Gabriela se acordó inmediatamente de su hermano que vivía muy cerca de Plaza
Maipú, y a quien el Metro le había solucionado completamente la vida durante
los últimos cinco años. Le dieron deseos de llamarlo, pero su portátil sólo podía
recibir llamadas, no tenía saldo, y tampoco se le había ocurrido en el camino
cargarlo. Gladys propuso detenerse un momento a descansar, pero Isabel ni
Gabriela consintieron a la idea. De las tres, indudablemente era quien llevaba
más peso encima. Las otras dos sólo portaban cartera, símbolo inequívoco de que
trabajaban en alguna oficina. Siguieron así avanzando hasta que el sol comenzó
a declinar en el horizonte anaranjado de la tarde. Al menos ya los rayos no les
caían encima, y el clásico vientecillo sur comenzó a empujar el aire pesado
hacia el norte.
Cuando llegaron finalmente a la
entrada de la población, encontraron a un grupo de personas levantando una
barricada en plena avenida principal, cortando completamente el tránsito de los
automóviles que circulaban por esa arteria. Al centro de la barricada habían
instalado una bandera roja que flameaba débilmente en medio de la humareda de
un neumático viejo que ardía al centro de la barricada. La escena les pareció
triste y desoladora, el alumbrado público pestañeaba a cada tanto,
preanunciando el corte de suministro eléctrico en cualquier momento, como
ocurría regularmente bajo circunstancias semejantes.
Otra vez no vamos a poder dormir esta
noche, dijo en tono quejumbroso doña Isabel. Gabriela asintió en silencio,
mientras Gladys alegaba aquí ya no se puede vivir, mi marido está enfermo de
los nervios con esto de las protestas, lo único que quiere es volver a su
tierra. ¿Y de dónde es? preguntó Gabriela, acordándose también de la
tranquilidad existente en su pueblo natal a cualquier hora del día, visualizando
fugazmente la plaza, por donde solía pasear junto a sus compañeras después de
salir del liceo, vio los árboles añosos que prodigaban sombra en verano, el
escaño donde la había besado un hombre por primera vez... De Osorno, contestó Gladys,
pero se vino a Santiago hace unos veinte años buscando mejor fortuna, pero no
la encontró. Lo mismo que yo, pensó Gabriela, pero no dijo nada, permaneció en
silencio, hundida en el recuerdo de esa tranquilidad pueblerina, tan distinta
al ajetreo asfixiante de la ciudad. El otro día una bala atravesó la pared de
la pieza de atrás, fuimos a la comisaría a poner la denuncia, pero no hubo
ninguna respuesta. Aquí la gente hace lo quiere, en cambio en provincia por lo
menos la autoridad tiene cara, reclamó doña Gladys.

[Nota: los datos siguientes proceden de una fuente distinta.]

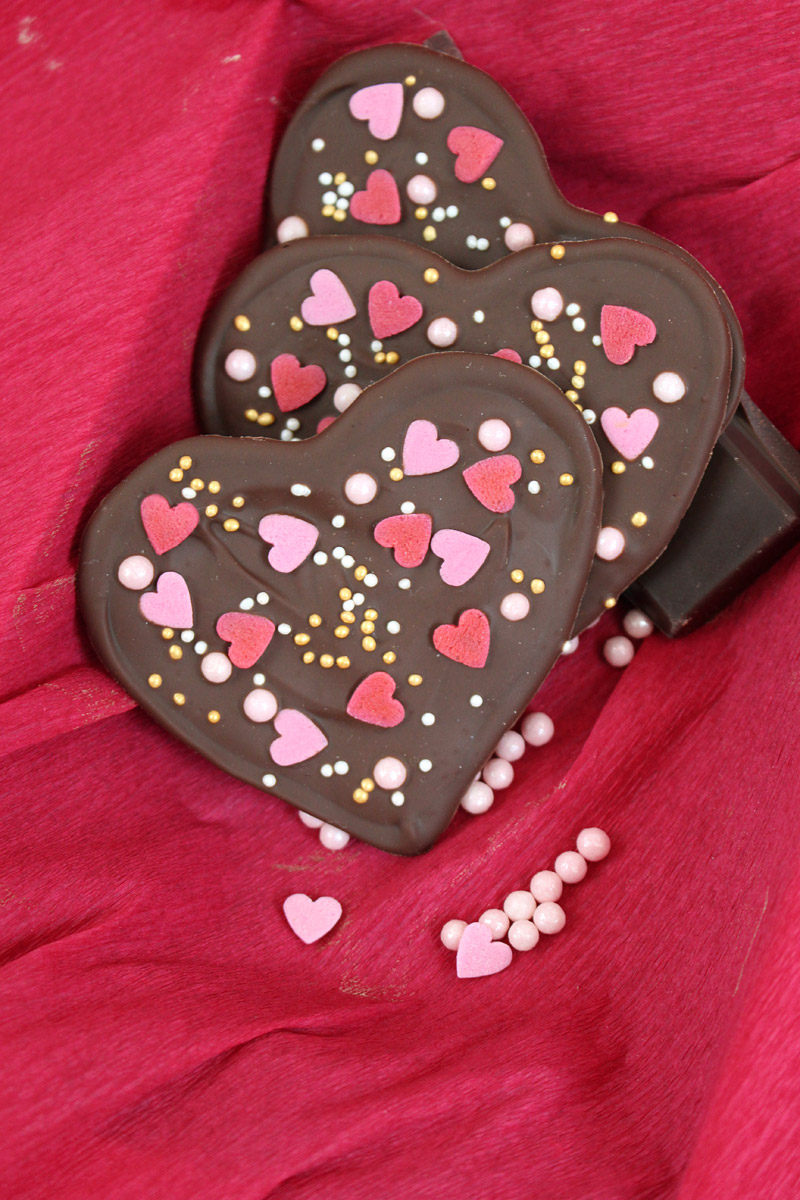 DiY Schokoherzen für den Valentinstag | orangenmond.at
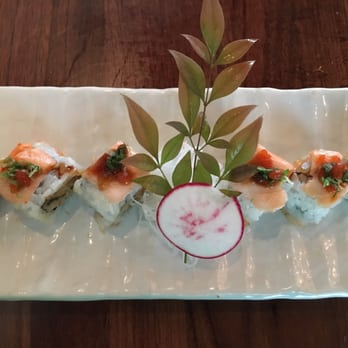 MF Sushi - Spicy smoke salmon.. 2 Salutes! - Sushi Bars Near Me - Houston, Texas MF Sushi - Spicy smoke salmon.. 2 Salutes! - Sushi Bars Near Me - Houston, Texas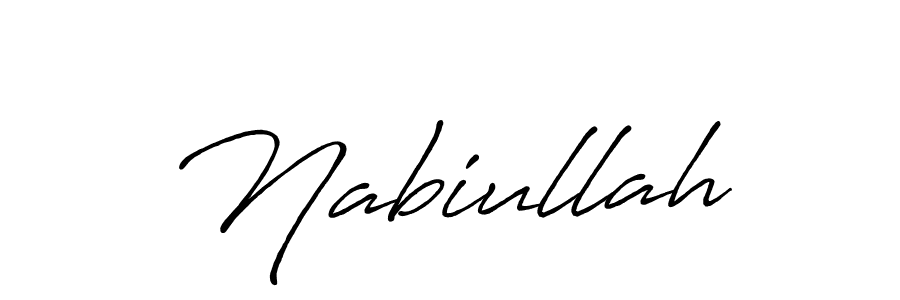 Make a beautiful signature design for name Nabiullah. With this signature (Antro_Vectra_Bolder) style, you can create a handwritten signature for free. Nabiullah signature style 7 images and pictures png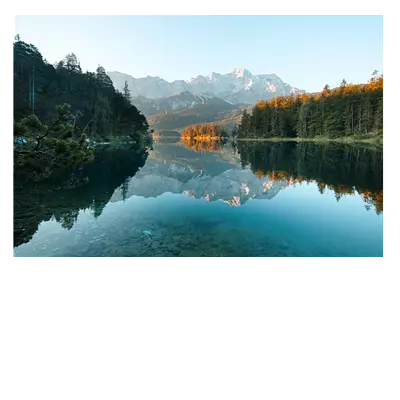 Фото на холсте озеро с горами, размера 120x80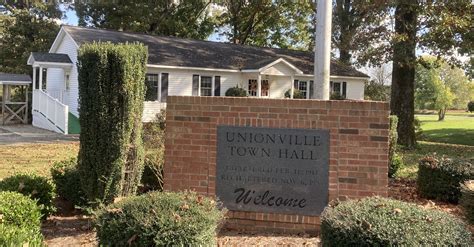 Town Hall - Town of Unionville, NC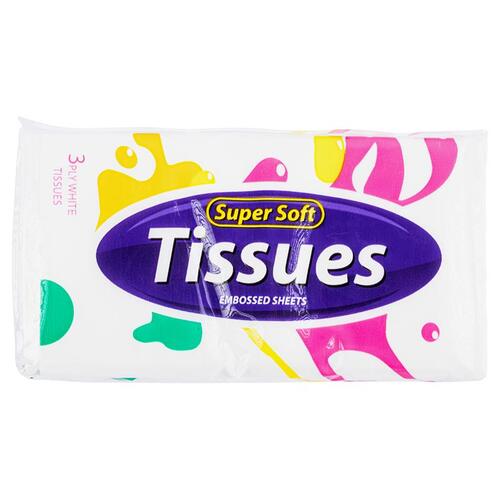 Super Soft Pocket Tissue 3ply 8pk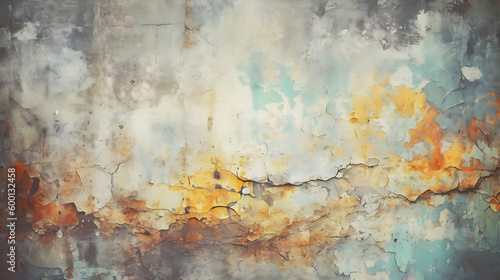 Old distressed wall  grunge texture created using Generative AI Technology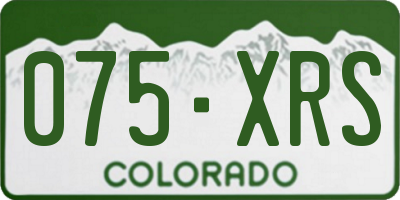 CO license plate 075XRS
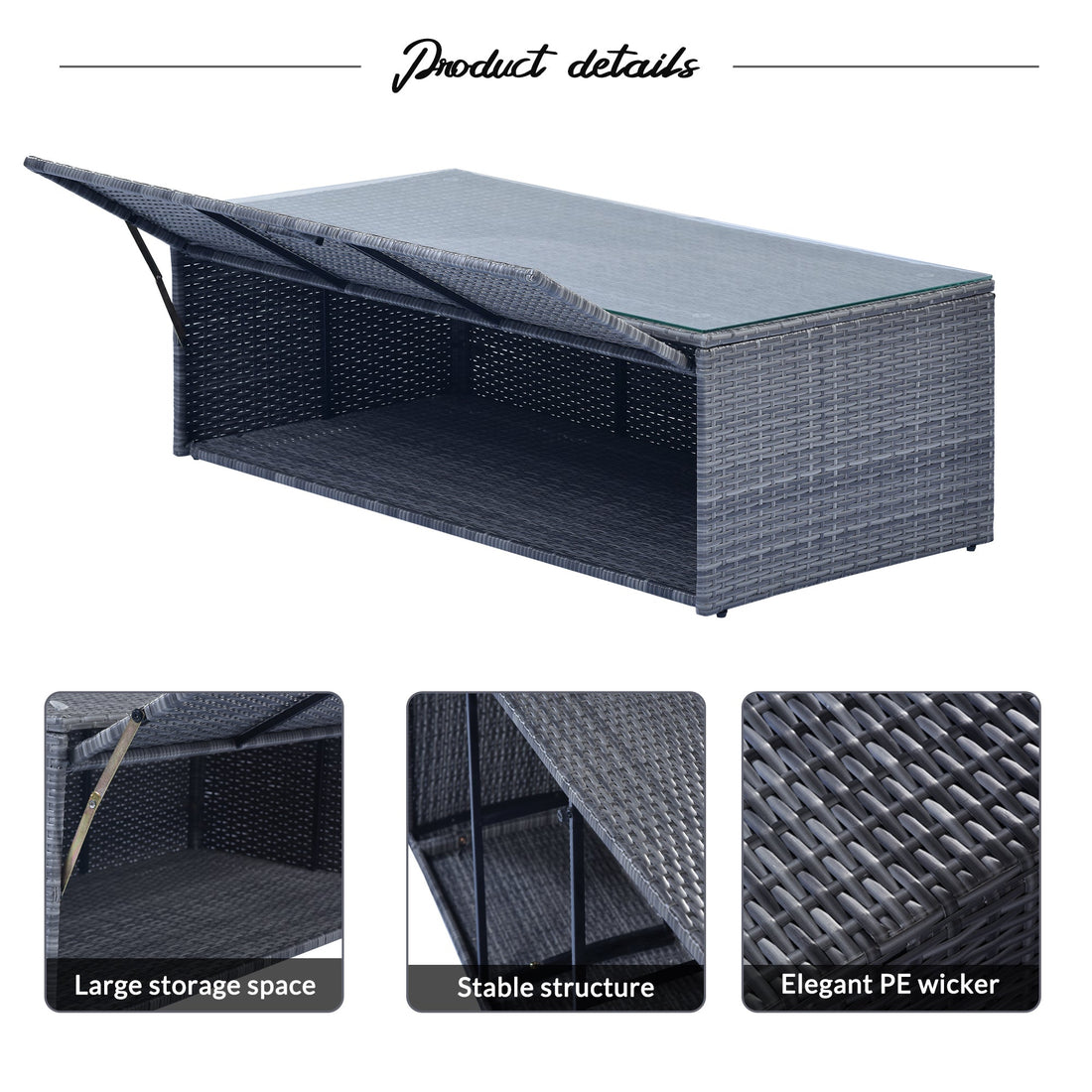 6-piece All-Weather PE rattan Patio Outdoor Dining Conversation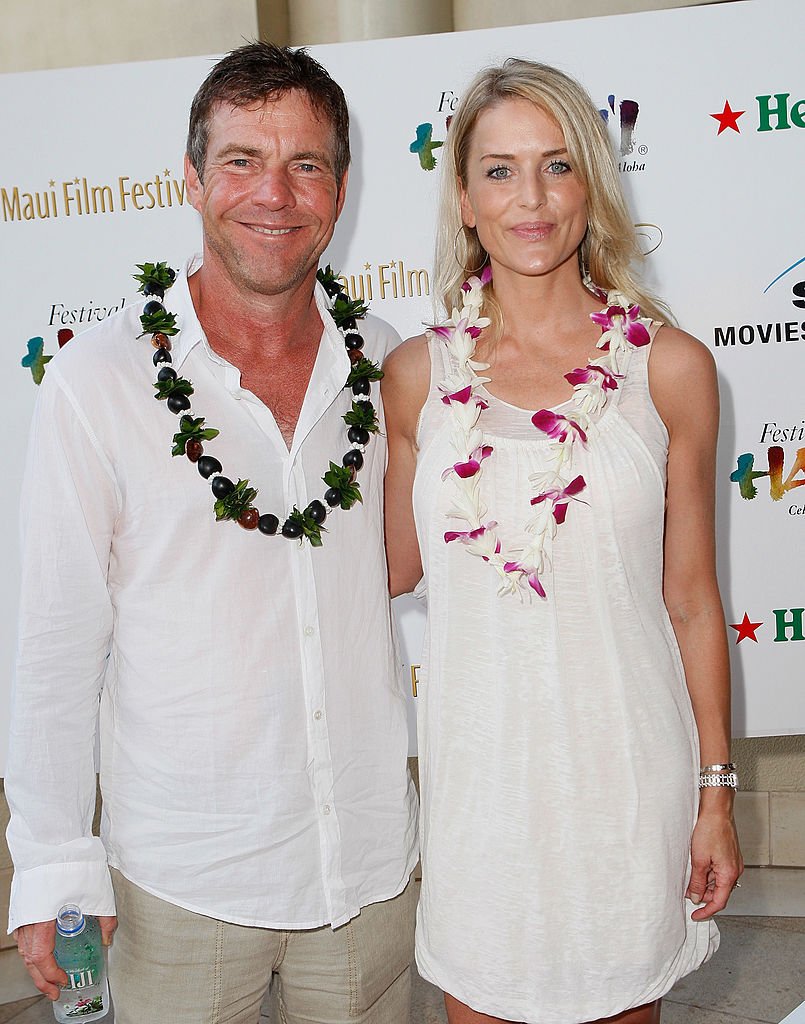 Dennis Quaid and Kimberly Buffington on June 12, 2008 in Maui, Hawaii | Photo: Getty Images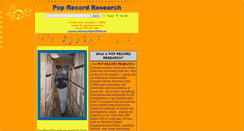 Desktop Screenshot of poprecordresearch.com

Las tres mujeres cruzaron por un
costado de la barricada reconociendo algunos de los que estaban allí, la
mayoría muchachones menores de veinte años, hijos de fulana o de zutana.
Algunos bebían cerveza mientras discutían sin descanso sus planes de tomarse
toda la ciudad, cambiar el rumbo del país, del mundo, acabar con los ricos y
las desigualdades. Doña Gladys pegó un grito cuando reconoció en medio del
grupo a su hijo menor, Esteban, joven de unos quince o catorce años tal vez, de
mediana estatura, delgado, con la cabeza completamente rapada. Lo llamó por su
nombre, pero el muchacho no respondió.